(RECORDS SHOWN)

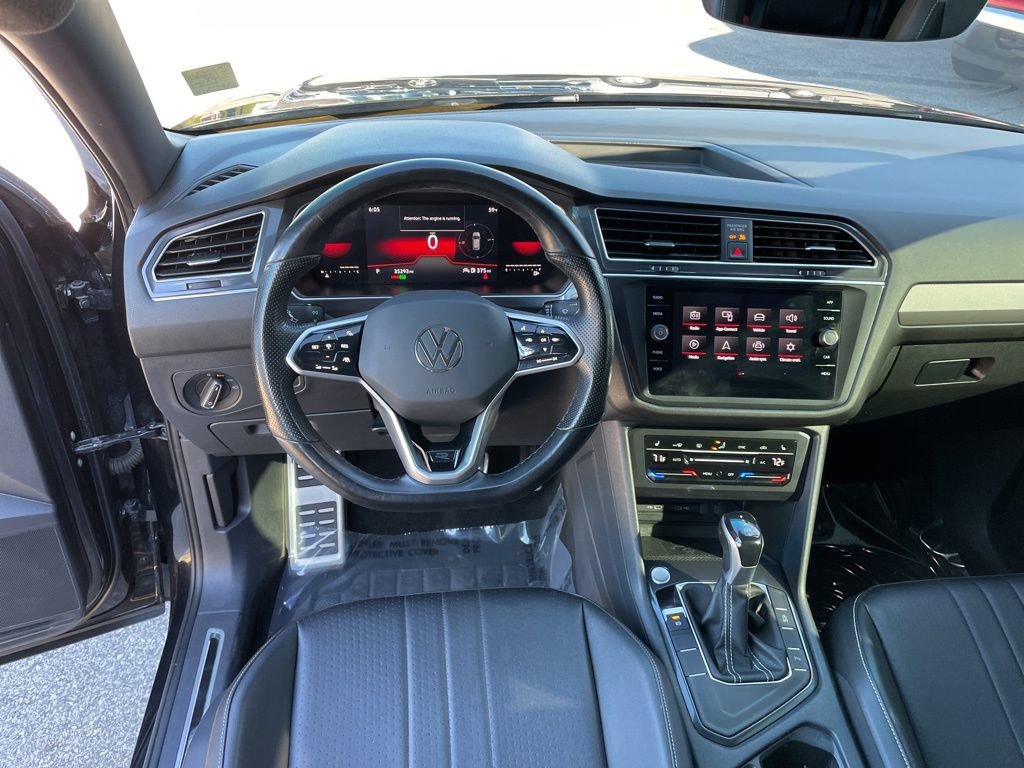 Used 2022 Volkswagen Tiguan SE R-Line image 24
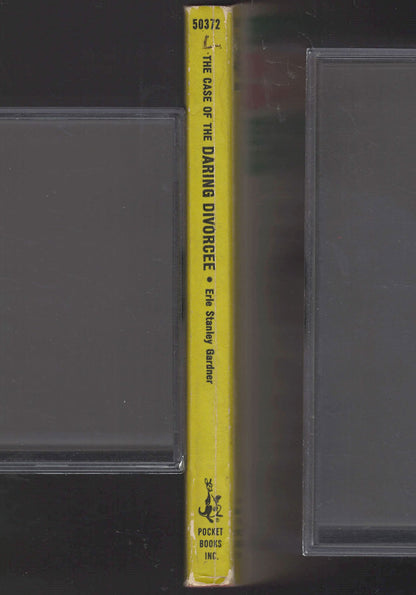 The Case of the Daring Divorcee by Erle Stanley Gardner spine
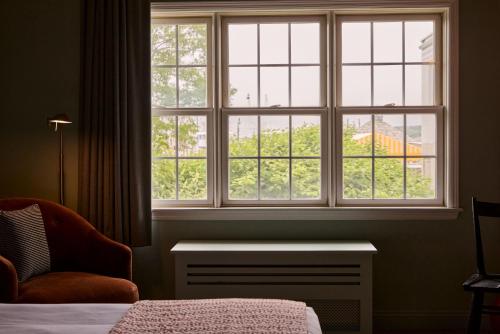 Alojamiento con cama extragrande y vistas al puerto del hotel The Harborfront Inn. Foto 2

(End RECORDS SHOWN)
(RECORDS SHOWN)

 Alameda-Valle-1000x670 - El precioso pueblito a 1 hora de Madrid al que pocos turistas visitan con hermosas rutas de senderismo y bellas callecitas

(End RECORDS SHOWN)

_PROBLEM TO WORK ON_
Beginning with the line holding "The Case of" in the material above, restate word for word each line through the line holding "Alojamiento con cama", and exclude pictures.

_OUTPUT BELOW_
 The Case of the Daring Divorcee by Erle Stanley Gardner spine
 Alojamiento con cama extragrande y vistas al puerto del hotel The Harborfront Inn. Foto 2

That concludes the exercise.